:: Records supplied ::
----

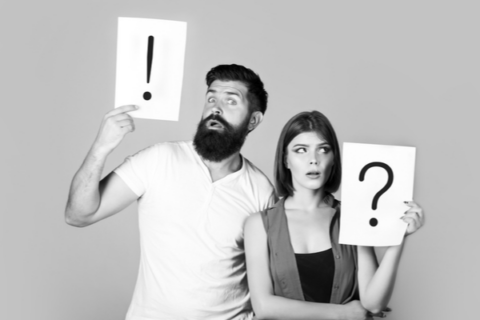 An exasperated couple holding up exclamation point and question mark signs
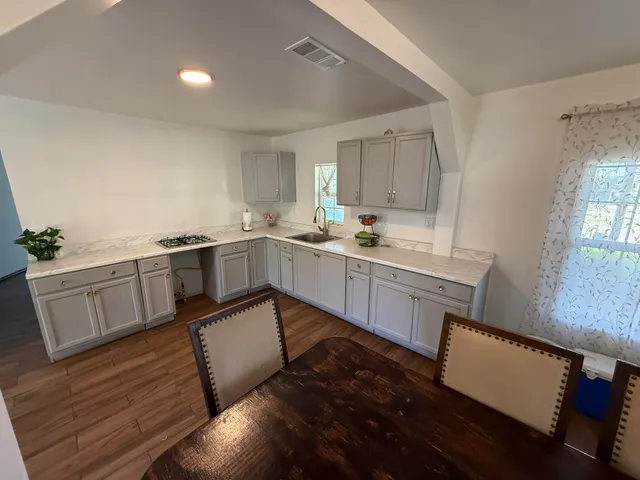 a kitchen with a sink and cabinets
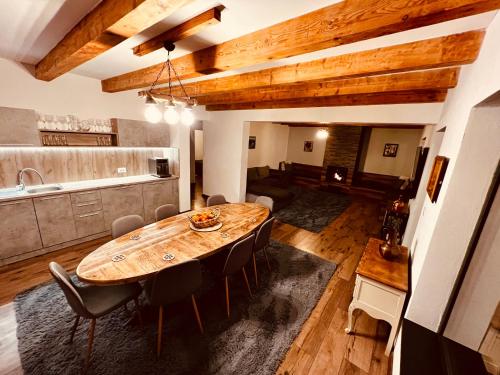 a kitchen and dining room with a wooden table and chairs at La Izvoare in Clopotiva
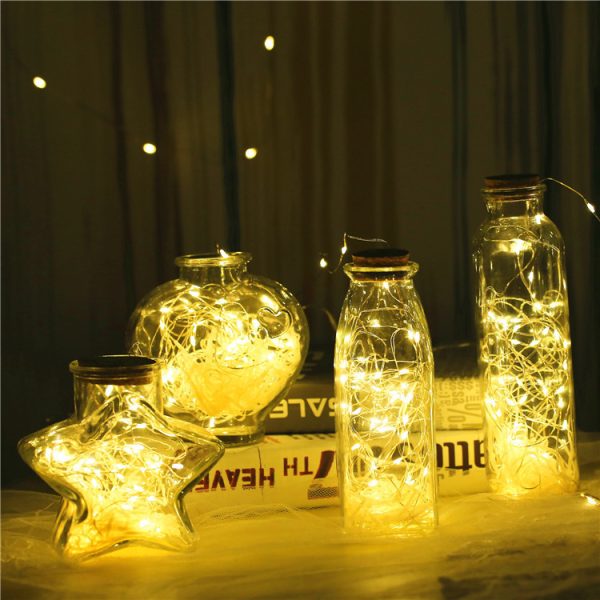 Glass bottle with gypsophila lights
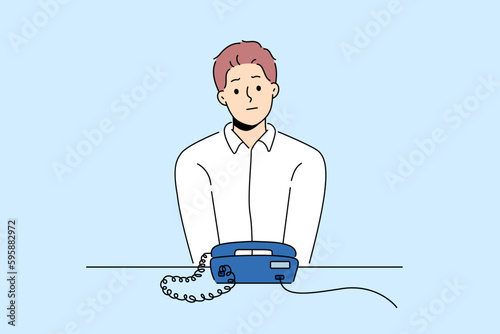 Unhappy man sit at desk look at landline phone waiting for someone call. Frustrated guy awaiting ring looking at corded telephone. Vector illustration. 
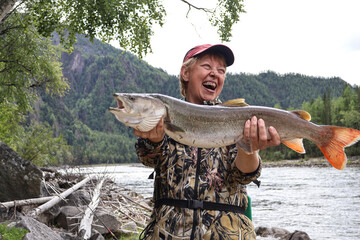 Surprised joy: woman amazed by her taimen (Hucho taimen) trophy catch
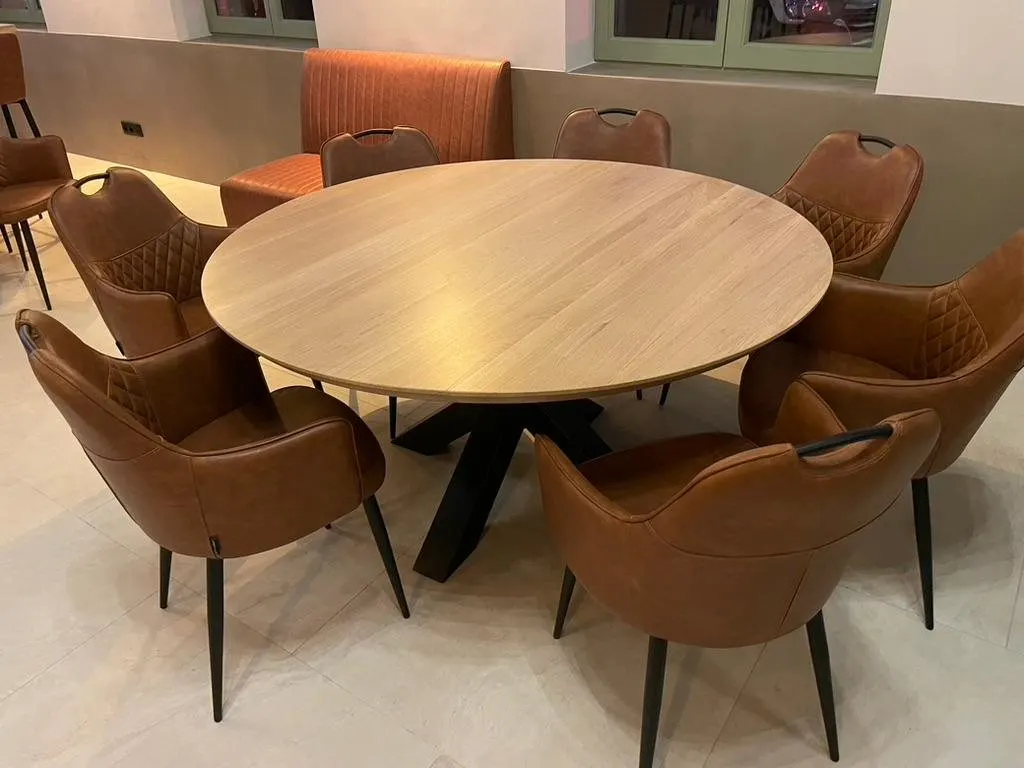 Plateau de table rond en chêne massif entouré de chaises en cuir cognac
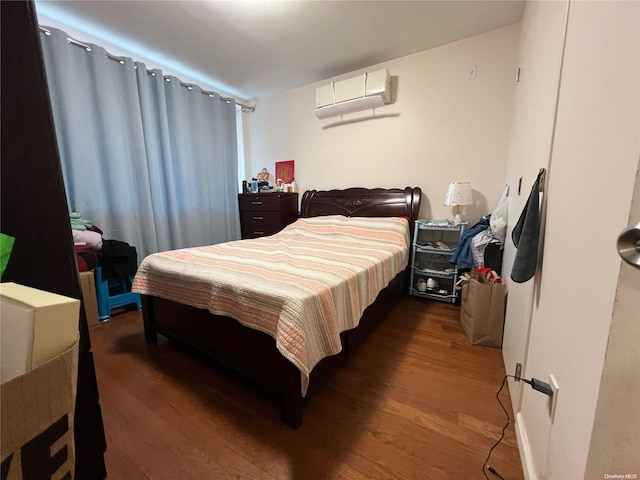 bedroom with a wall mounted AC and dark hardwood / wood-style flooring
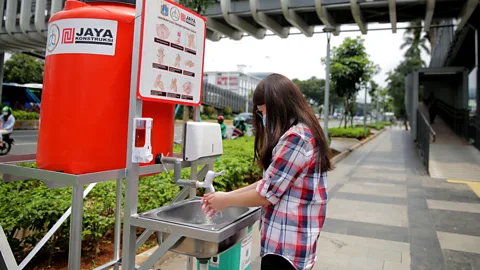 Getty Images Providing handwashing facilities in public places could help to reduce the risk of ing on infections (Credit: Getty Images)
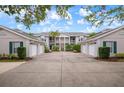 Inviting condo exterior with garages, lush landscaping, and a staircase to upper units at 905 Addington Ct # 203, Venice, FL 34293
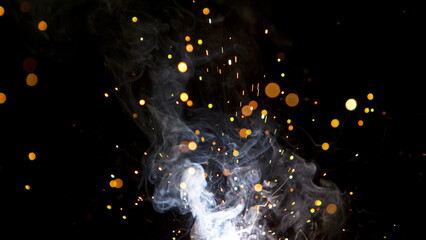 Super Slow Motion of Flying Fire Sparkles. Detail shot, Low Depth of Focus.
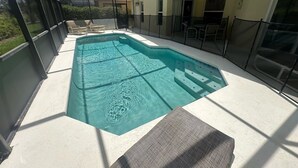 An indoor swimming pool with clear water, surrounded by a glass enclosure, and equipped with steps leading into the pool.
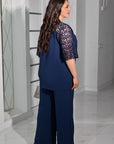 Completo blusa e pantaloni in pizzo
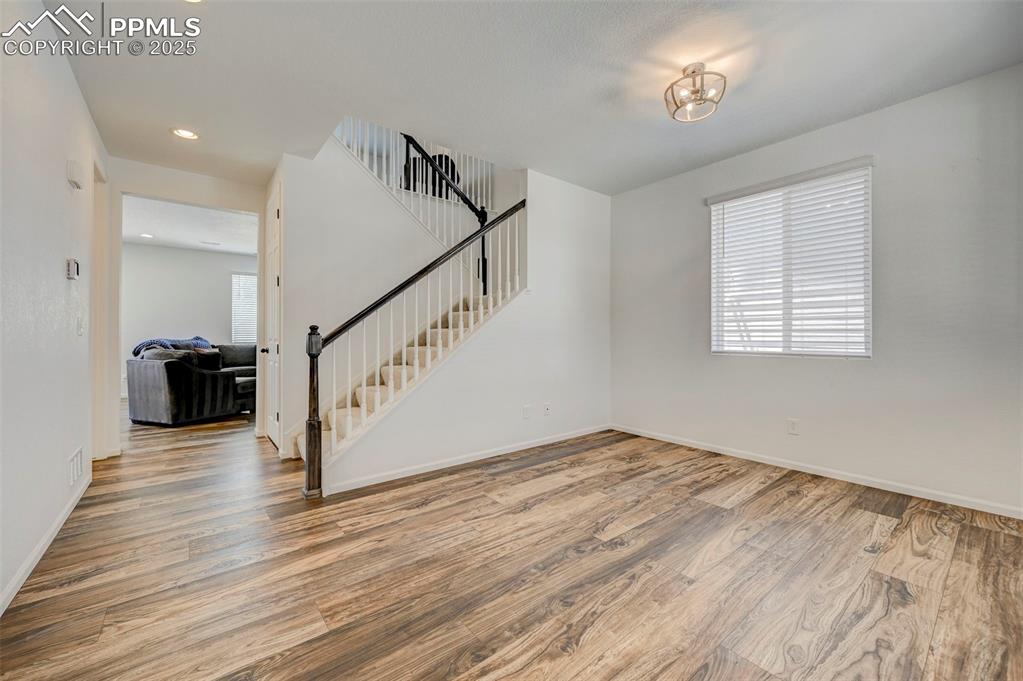 6237 Bodacious Circle Colorado Springs, CO 80923 - Photo 2 of 33 Unfurnished living room featuring wood finished floors, stairway, and recessed lighting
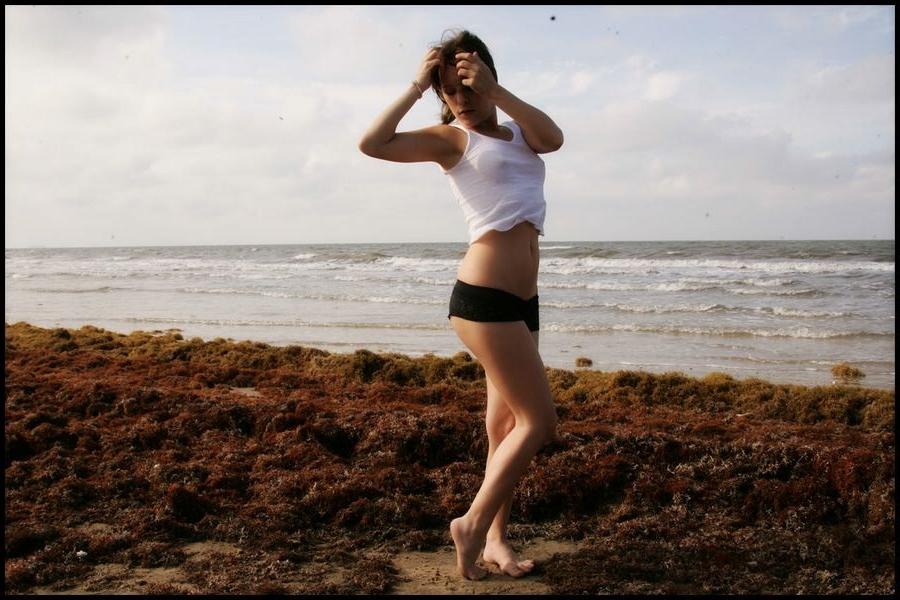 15P Sexy petite Nicole Sparks posing at the beach all wet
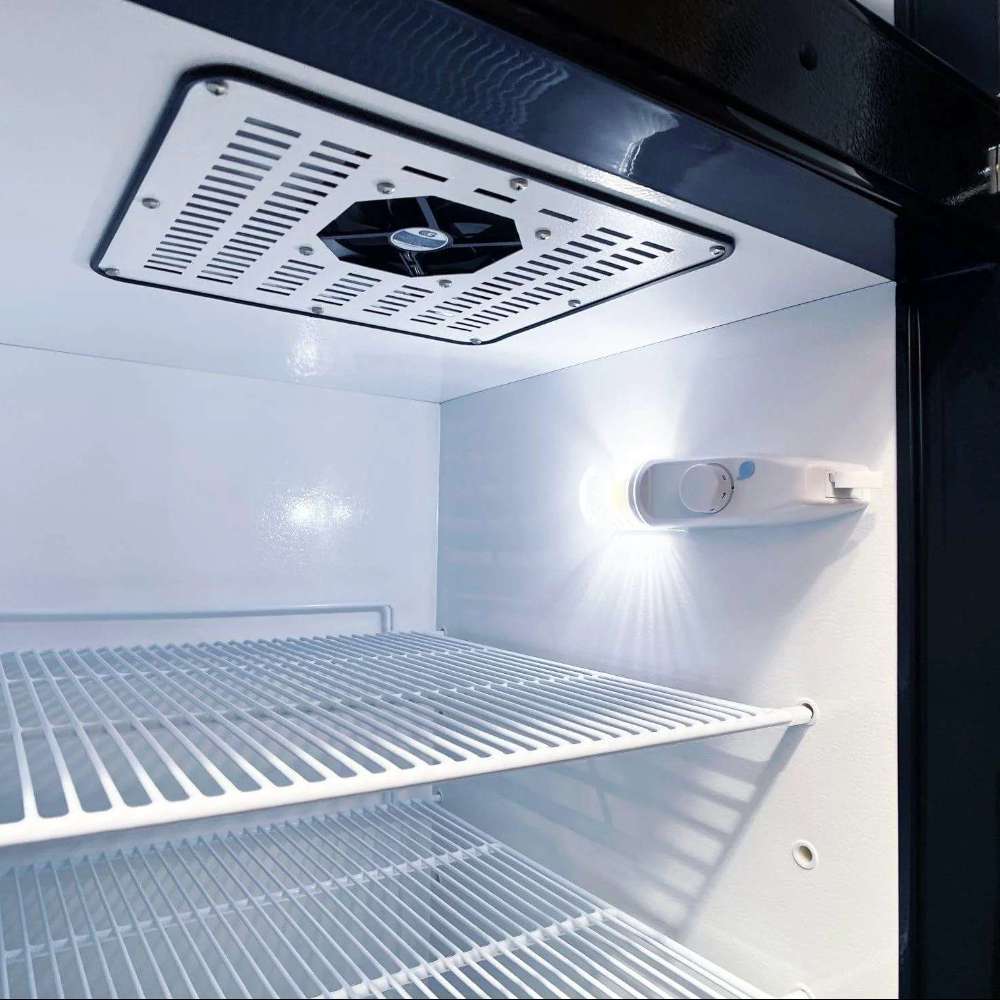 Close interior view shows SunStar ST-16RF-SS 16 cu.ft. DC/AC Refrigerator - Stainless Steel with a ceiling fan vent, wire shelf, and bright white interior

----

Return all the data exactly, and keep the pictures out.

:: Answer to this exercise ::
 An exasperated couple holding up exclamation point and question mark signs
 a kitchen with a sink and cabinets
 a kitchen and dining room with a wooden table and chairs at La Izvoare in Clopotiva
 Glass bottle with gypsophila lights
 Unhappy man sit at desk look at landline phone waiting for someone call. Frustrated guy awaiting ring looking at corded telephone. Vector illustration. 
 Surprised joy: woman amazed by her taimen (Hucho taimen) trophy catch
 Plateau de table rond en chêne massif entouré de chaises en cuir cognac
 bedroom with a wall mounted AC and dark hardwood / wood-style flooring
 Getty Images Providing handwashing facilities in public places could help to reduce the risk of ing on infections (Credit: Getty Images)
 Inviting condo exterior with garages, lush landscaping, and a staircase to upper units at 905 Addington Ct # 203, Venice, FL 34293
 Super Slow Motion of Flying Fire Sparkles. Detail shot, Low Depth of Focus.
 An indoor swimming pool with clear water, surrounded by a glass enclosure, and equipped with steps leading into the pool.
 Completo blusa e pantaloni in pizzo
 6237 Bodacious Circle Colorado Springs, CO 80923 - Photo 2 of 33 Unfurnished living room featuring wood finished floors, stairway, and recessed lighting
 15P Sexy petite Nicole Sparks posing at the beach all wet
 Close interior view shows SunStar ST-16RF-SS 16 cu.ft. DC/AC Refrigerator - Stainless Steel with a ceiling fan vent, wire shelf, and bright white interior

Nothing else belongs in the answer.